Martha Brown, Sir Jonathan North Girls’ College

When was the last time you heard someone use ‘woke’ for anything but an insult? The adjective
woke originated in African American English, gaining more widespread use in 2014 as part of the
Black Lives Matter movement. Until recently, the word has merely meant being awake to injustice
and inequality in society. However, within the last few years, woke seems to have taken on a new

In a recent tribute, Britain’s Got Talent judge Amanda Holden claimed that the late Paul O’Grady
“was not woke in any way”, adding “I love people like that.” This sparked criticism, with one twitter
user commenting “Either @AmandaHolden has no idea what ‘woke’ means, or she has no idea who
Paul O’Grady was.” Paul himself was a queer activist, anti-austerity campaigner, and an advocator
for ending stigma around AIDS. In other words, practically the definition of woke.

Holden is not alone. According to YouGov, 59% of people in Britain are unaware of what woke
means. Of the remaining 41%, only 3 in 10 consider themselves to be woke. Furthermore, 23%
believe that being woke is a positive thing, 33% see it as neither good nor bad, and 37% consider
being ‘woke’ to be a bad thing.

Recently, in response to Bud Light signing up trans influencer Dylan Mulvaney to promote the brand,
a conservative-leaning group known as Consumers’ Research have taken contempt for all things
woke one step further, creating a system that allows users to receive ‘woke alerts’, warning them
about companies that the creators deem ‘too far-left’ in their marketing.

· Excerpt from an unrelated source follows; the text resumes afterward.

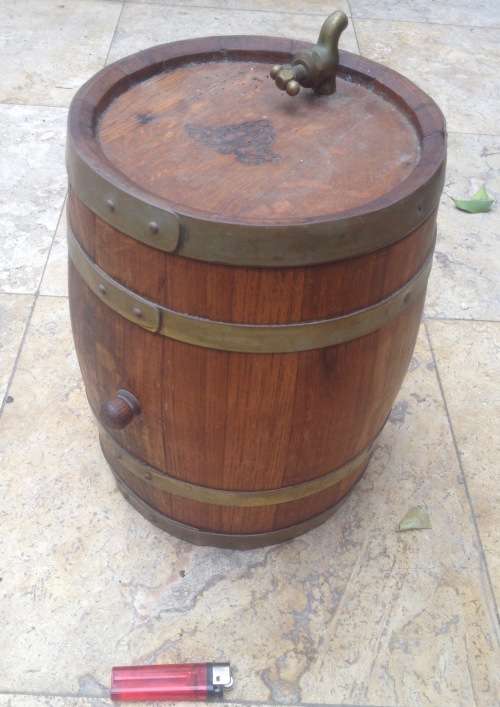 wooden barrel with brass rings and tap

Executive Director Will Hild
claims that the alerts will “help consumers make better informed decisions about where to spend
their money.” According to Axios, Consumers’ Research is spending a whopping six figures to
promote their text alert system to the public.

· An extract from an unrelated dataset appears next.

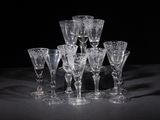 several empty wine glasses on a table with a black background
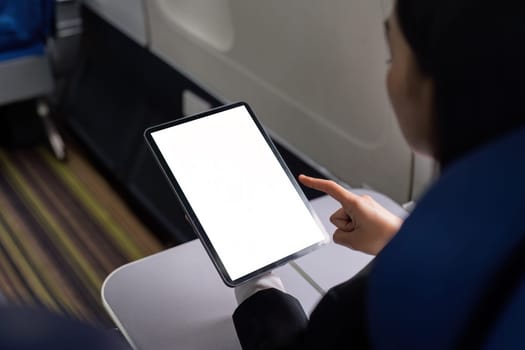 Woman traveler or passenger sits at the window seat, using his portable digital tablet touchpad during the flight. tablet white screen mockup.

In contrast, there are some who believe that ‘woke culture’ is nothing worth grumbling about. For
instance, in an episode of her documentary series Kathy Burke: Growing Up, actor and comedian
Kathy Burke laments the way that the word woke is used to ridicule those that advocate for equality
and change. She observes “They’re calling you ‘woke’ if you call out bad things, basically. If you’re
not racist, you’re woke. If you’re not homophobic, oh you’re woke.’ Additionally, she urges young
people to “Be woke, kids. Be woke. Be wide awake and f***ing call it out.”

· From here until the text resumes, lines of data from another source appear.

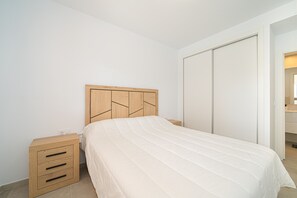 A bedroom with a wooden headboard, a bed with a white bedspread, a nightstand with drawers, and a closet with sliding doors.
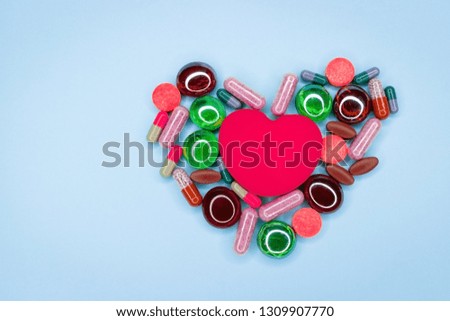Heart from different pills, pills. Different pills laid out in the form of heart on a white background.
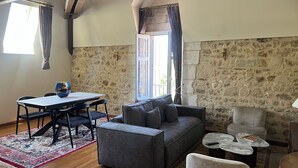 A cozy living room with a stone wall, a gray sofa, a dining table with chairs, and a coffee table. - An enchanting chateau set in 10 hectares of wooded parkland, in absolute peace and quiet! (Les forges)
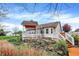 Landscaped backyard featuring a spacious deck with a charming pergola and stone accents at 13841 Waywing Ct, Carmel, IN 46033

For centuries, older generations have mocked their younger counterparts for their opinions and
behaviours, take for example, a quote from Aristotle, written in fourth century BC about the young
people of the time, “They think they know everything, and are always quite sure about it.”

Therefore, it’s unsurprising that a word that is so often used when referring to young people has
been diabolised. However, my hope is that woke, now a buzzword, weaponised alongside phrases
like ‘social justice warrior’ or ‘snowflake,’ can be reclaimed, returning to what it once was, a label
worn proudly by the people that it described.